Exercise objective: The response should consist only of the lines from the one with "Womens Plus Size Word Art T-shirt - Cat" to the end of the data below, copied exactly and without pictures.

Data segment:

....

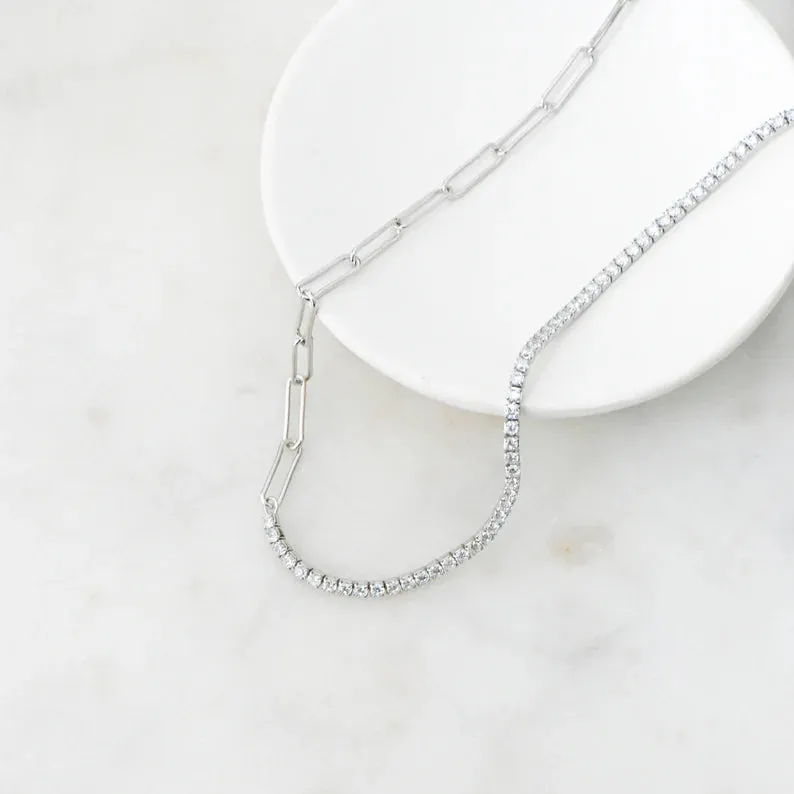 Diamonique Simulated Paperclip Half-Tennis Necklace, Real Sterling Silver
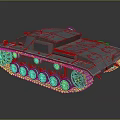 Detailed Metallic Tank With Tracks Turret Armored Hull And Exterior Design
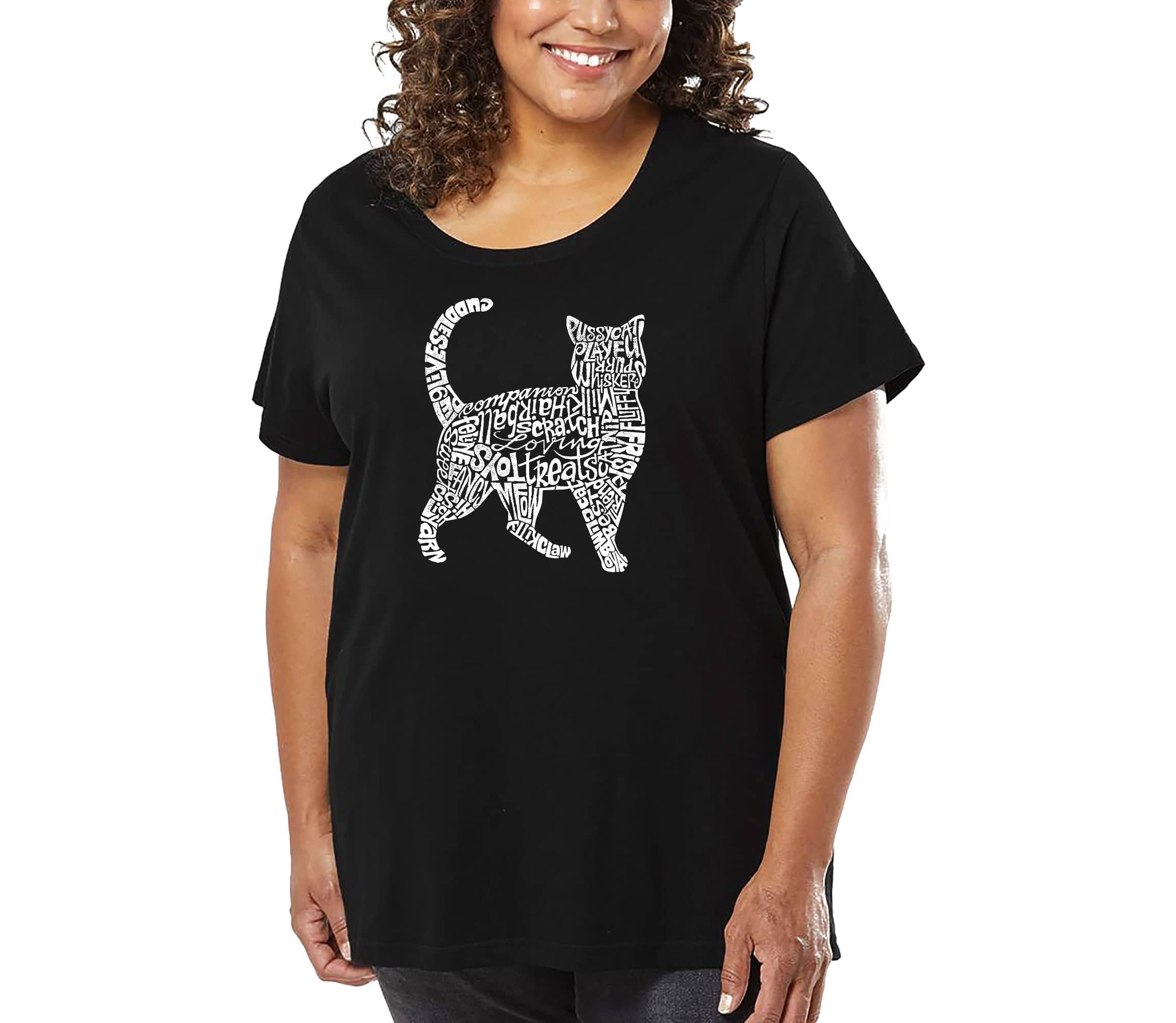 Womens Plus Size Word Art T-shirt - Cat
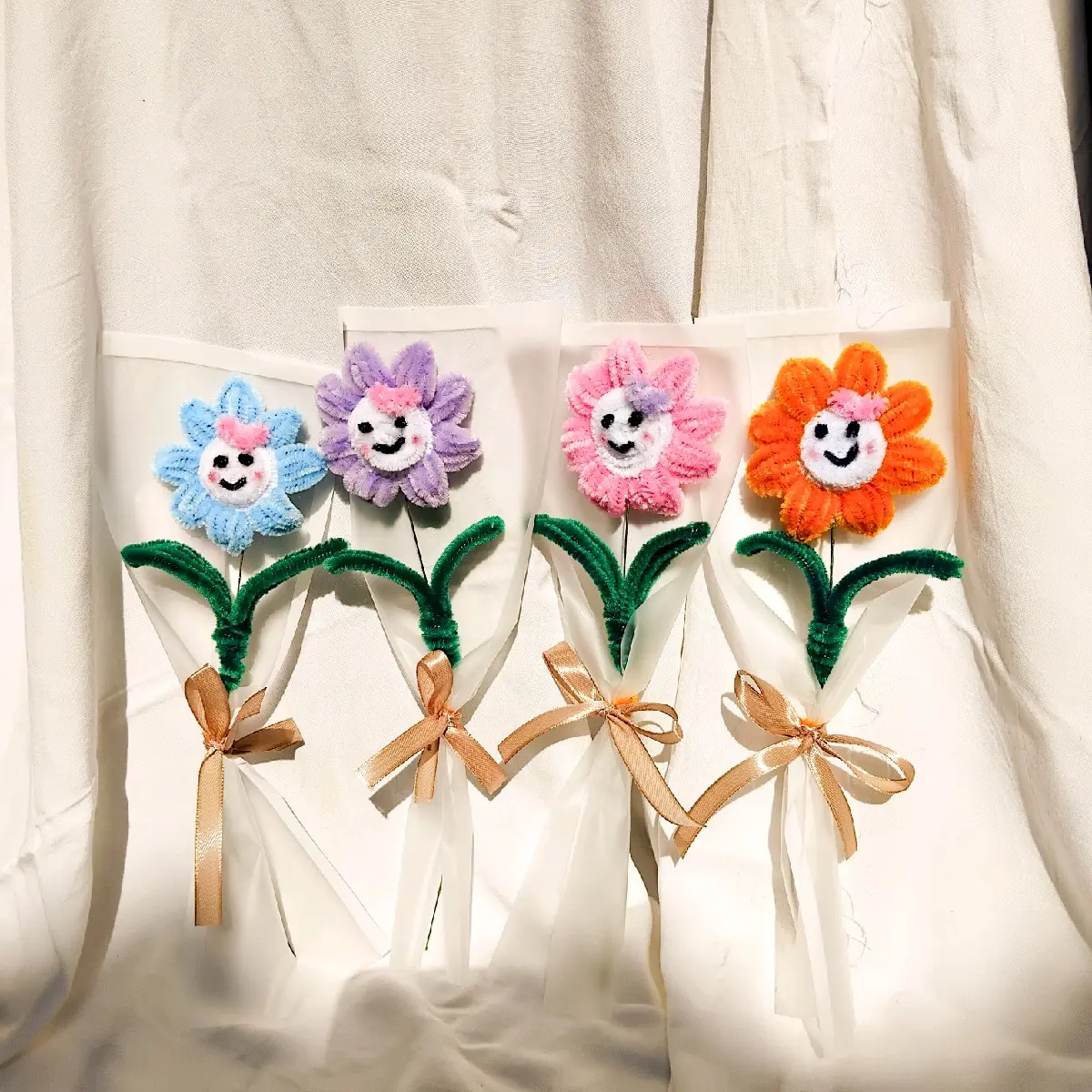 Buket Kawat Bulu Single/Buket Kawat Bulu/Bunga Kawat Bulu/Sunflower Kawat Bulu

....

Answer box:
 Womens Plus Size Word Art T-shirt - Cat
 Buket Kawat Bulu Single/Buket Kawat Bulu/Bunga Kawat Bulu/Sunflower Kawat Bulu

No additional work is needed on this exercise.